Head injury

It has been estimated that in the UK, between 200 and 300 per 100 000 of the population are admitted to hospital each year with a head injury, making it one of the most common causes for attending accident and emergency departments. Trauma, in which severe head injury often plays a major role, is also the leading cause of death in the population below 45 years of age. Craniocerebral trauma is consequently a source of major disability and a huge financial and psychological burden upon society.

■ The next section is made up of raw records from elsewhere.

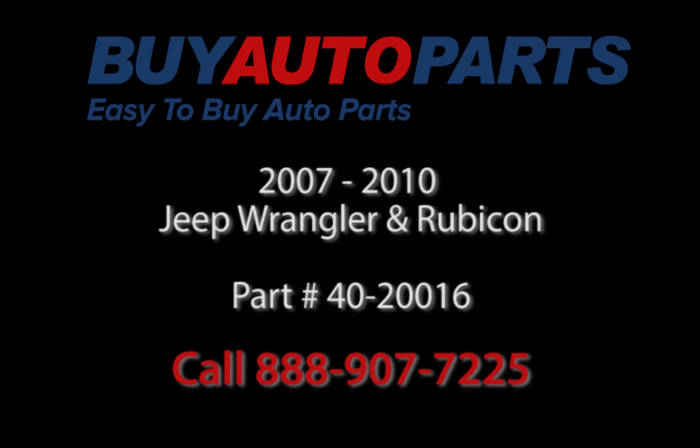Visit us at Buy Auto Parts to see more and to buy your performance supercharger, or give us a call at 888-907-7225.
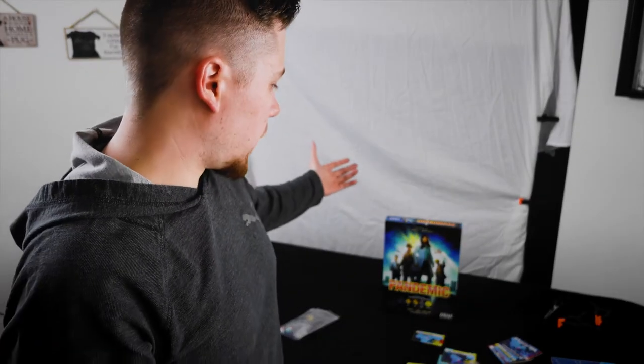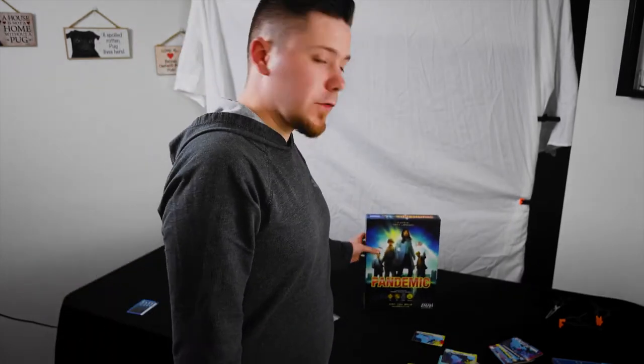Alright, so this is the studio. I just wanted to give you guys a look. Today we're going to be shooting Pandemic. I'm actually super excited to try out this new camera. I have no idea how it's going to turn out.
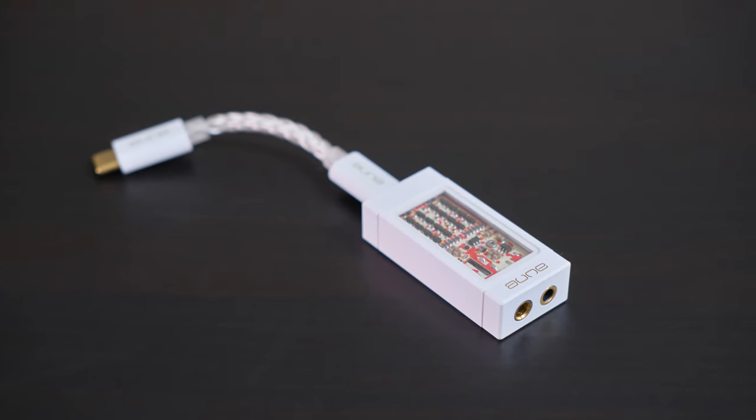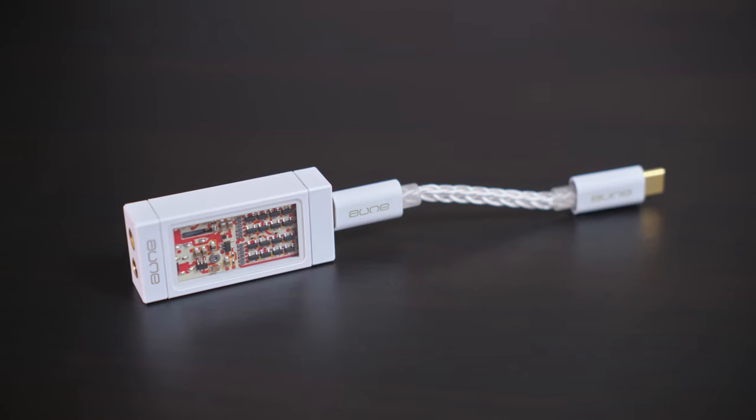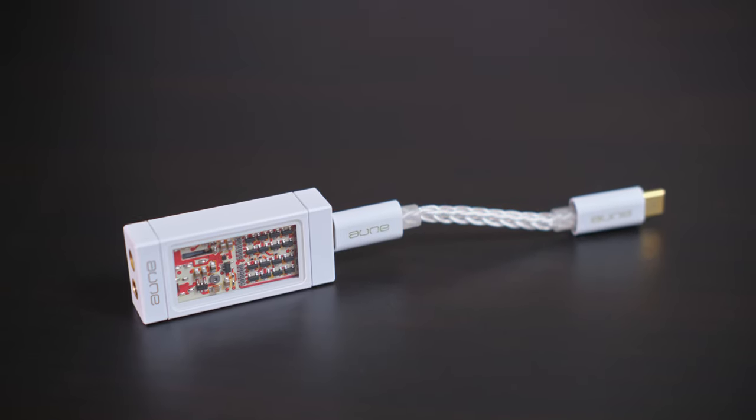Hi guys and welcome back to Is It Worth It Reviews. Today we are going to talk about the portable DAC Aune Yuki. It's white and rectangular and it has a cool-looking window that shows you a PCB board with SMD components, but there is some cool coloring in there and it just looks nice.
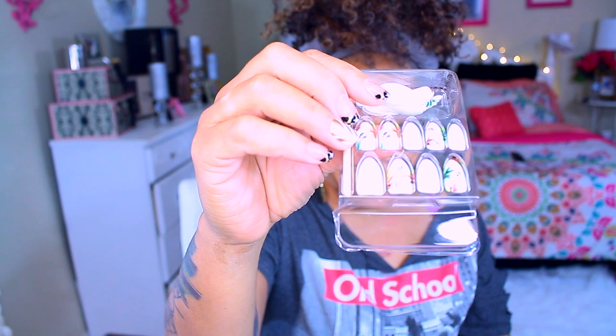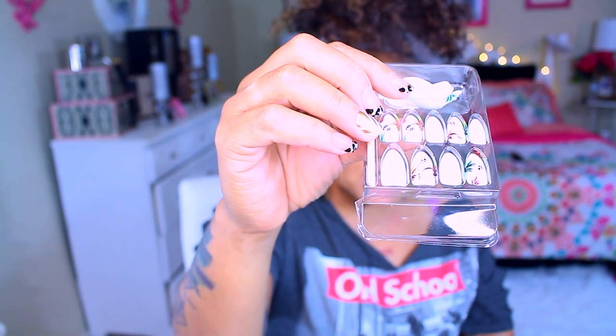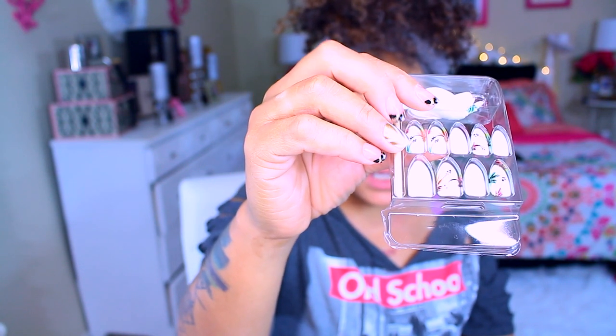I did buy some new nails from BBB Fashions. I like that store because they sell clothes, but some of them also sell hair, wigs, shoes, and accessories. I saw these and they were so cute — they were $4.99, so I was like I'm about to get those. They're a little bit longer unfortunately, but they're like stiletto claws. I really thought these were so cute, I'll be playing with these sooner than later.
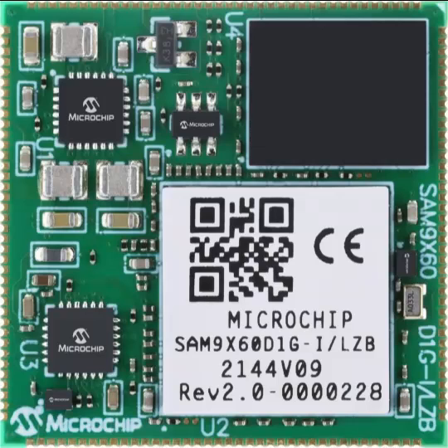A System-on-Module, in short called SOM, is a single production-ready printed circuit board. It includes processors, memory, wireless connectivity, and various interfaces extended out on the board. A System-on-Module might also have microcontrollers supporting the main processor.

Despite being encased in a rigid protective skull and cushioned by CSF, the brain is still very vulnerable to trauma, having only the consistency of a well-set jelly. This trauma can take the form of translational acceleration/deceleration forces, rotational forces or direct local sharp penetrating or blunt trauma to the cranium and can involve the scalp, skull or brain, in any combination.

  Scalp

Scalp lacerations are common and can give rise to exanguinating haemorrhage if not controlled. This is due to the vessels in the dense fibrous layer being held open. Scalp hair plays an important protective role and by matting into wounds can effectively assist haemostasis but likewise mask significant scalp lacerations. The scalp’s rich vascular supply plays an important role in healing, making it a very resilient structure.

Skull

Different types of skull injury may follow blunt trauma.

Simple linear fractures

These require no specific neurosurgical management but are usually markers of the force to which the head was subjected. Patients are usually CT scanned but should also be admitted for at least 48 hours’ observation.

Depressed skull fracture

These fractures are a result of blunt trauma, usually to the left -frontal region. If the pericranium has been breached the fractures are technically compound. The integrity of the dora is however more important. The dura and brain may be lacerated by the depressed fragment.

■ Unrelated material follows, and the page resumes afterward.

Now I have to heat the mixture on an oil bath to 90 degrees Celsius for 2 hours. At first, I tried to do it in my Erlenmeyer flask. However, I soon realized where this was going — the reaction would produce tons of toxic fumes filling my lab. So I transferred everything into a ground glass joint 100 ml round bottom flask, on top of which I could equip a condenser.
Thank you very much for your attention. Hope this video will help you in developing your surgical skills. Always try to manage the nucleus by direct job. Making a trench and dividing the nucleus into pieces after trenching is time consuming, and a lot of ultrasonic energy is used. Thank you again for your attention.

The damage done at the time of impact with subsequent risk of epilepsy is irreversible. Surgery is usually undertaken to prevent the risk of infection, to alleviate mass effect and for cosmetic purposes. Contaminated wounds require extensive debridement, a duraplasty and irrigation before closure. A full course of intravenous antibiotics should be administered.

Base of skull fracture

These are relatively frequent fractures, usually diagnosed on clinical grounds. They often result in CSF fistula which may persist but usually seal off after a few days. Anterior fossa fractures present with subconjunctival haematomas, anosmia, epistaxis and CSF rhinorrhoea and may occasionally be associated with caroticocavernous fistulae (Fig. 35.11). Periorbital haematomas or ‘racoon eyes’ indicate subgaleal haemorrhage and not necessarily base of skull fracturing as do subconjuntival haemorrhages extending beyond the conjunctival reflections (Fig. 35.12). Middle fossa fractures present with CSF otorrhoea or rhinorrhoea via the eustachian tube, heamotympanum, ossicular disruption, ‘battle sign’ (Fig. 35.13) or VII and VIII cranial nerve palsies.

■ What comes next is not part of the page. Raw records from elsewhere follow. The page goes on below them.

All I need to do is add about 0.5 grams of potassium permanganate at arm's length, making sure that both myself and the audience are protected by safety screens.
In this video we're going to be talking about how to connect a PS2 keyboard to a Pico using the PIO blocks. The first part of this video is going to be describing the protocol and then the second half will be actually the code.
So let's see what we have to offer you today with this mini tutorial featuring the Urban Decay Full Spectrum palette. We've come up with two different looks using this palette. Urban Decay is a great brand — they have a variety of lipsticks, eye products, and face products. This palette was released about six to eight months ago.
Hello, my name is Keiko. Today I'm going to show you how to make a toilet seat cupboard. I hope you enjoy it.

There is no evidence that prophylactic~ antibiotics diminish the incidence of meningitis. Administering them may just select out more virulent organisms in those that become infected, increasing morbidity and mortality. If one suspects a CSF fistula, the fluid should be screened for beta-transferrin to confirm that it is in fact CSF. Before repair of CSF fistula, it is mandatory to exclude the presence of hydrocephalus. The dura should then be sealed with autologous, vascularised grafts and fibrin glue after cranialisation of the frontal sinuses.

Ping-pong fracture

This is a smooth depression of the cranial vault usually seen in children. Also known as a ‘pond’ fracture.

Blow-out fracture

These are caused by fracturing of the orbital walls with herniation of orbital contents and subsequent tethering of the globe, resulting in pain and diplopia.